══ Given data ══

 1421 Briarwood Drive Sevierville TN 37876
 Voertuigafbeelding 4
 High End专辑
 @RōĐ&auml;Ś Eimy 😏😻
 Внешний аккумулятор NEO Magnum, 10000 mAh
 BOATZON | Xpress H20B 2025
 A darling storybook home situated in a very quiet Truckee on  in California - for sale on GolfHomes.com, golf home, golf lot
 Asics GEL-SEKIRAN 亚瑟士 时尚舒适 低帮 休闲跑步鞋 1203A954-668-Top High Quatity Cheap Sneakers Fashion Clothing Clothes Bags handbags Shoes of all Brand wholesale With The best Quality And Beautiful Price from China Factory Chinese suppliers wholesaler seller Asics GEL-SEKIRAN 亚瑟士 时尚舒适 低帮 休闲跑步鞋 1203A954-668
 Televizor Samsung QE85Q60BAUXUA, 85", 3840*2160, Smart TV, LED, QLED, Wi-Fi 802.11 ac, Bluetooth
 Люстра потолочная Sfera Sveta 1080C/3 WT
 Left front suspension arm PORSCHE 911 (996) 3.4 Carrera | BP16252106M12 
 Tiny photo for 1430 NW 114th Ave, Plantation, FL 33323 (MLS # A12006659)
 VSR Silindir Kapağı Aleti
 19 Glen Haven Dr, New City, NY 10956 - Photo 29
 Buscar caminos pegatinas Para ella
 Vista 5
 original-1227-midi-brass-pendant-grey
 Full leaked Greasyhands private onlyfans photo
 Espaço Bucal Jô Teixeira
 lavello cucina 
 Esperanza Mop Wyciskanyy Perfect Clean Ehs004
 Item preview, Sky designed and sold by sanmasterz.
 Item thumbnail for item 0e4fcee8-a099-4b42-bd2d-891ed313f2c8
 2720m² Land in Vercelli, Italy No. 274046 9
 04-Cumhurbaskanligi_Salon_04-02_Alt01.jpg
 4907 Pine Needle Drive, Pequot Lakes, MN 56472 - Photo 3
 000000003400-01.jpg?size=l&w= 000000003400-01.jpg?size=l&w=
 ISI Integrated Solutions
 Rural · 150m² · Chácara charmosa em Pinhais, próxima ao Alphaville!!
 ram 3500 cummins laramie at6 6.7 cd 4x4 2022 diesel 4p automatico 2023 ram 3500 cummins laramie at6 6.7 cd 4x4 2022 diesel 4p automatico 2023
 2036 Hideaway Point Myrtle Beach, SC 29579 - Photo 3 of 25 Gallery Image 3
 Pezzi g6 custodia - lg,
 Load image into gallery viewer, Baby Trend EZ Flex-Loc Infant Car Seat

═══

Copy range, inclusive: the line holding "A darling storybook" to the line holding "Люстра потолочная Sfera Sveta 1080C/3 WT". Reproduce exactly those lines of the records above and no others.

### [Expected answer]
 A darling storybook home situated in a very quiet Truckee on  in California - for sale on GolfHomes.com, golf home, golf lot
 Asics GEL-SEKIRAN 亚瑟士 时尚舒适 低帮 休闲跑步鞋 1203A954-668-Top High Quatity Cheap Sneakers Fashion Clothing Clothes Bags handbags Shoes of all Brand wholesale With The best Quality And Beautiful Price from China Factory Chinese suppliers wholesaler seller Asics GEL-SEKIRAN 亚瑟士 时尚舒适 低帮 休闲跑步鞋 1203A954-668
 Televizor Samsung QE85Q60BAUXUA, 85", 3840*2160, Smart TV, LED, QLED, Wi-Fi 802.11 ac, Bluetooth
 Люстра потолочная Sfera Sveta 1080C/3 WT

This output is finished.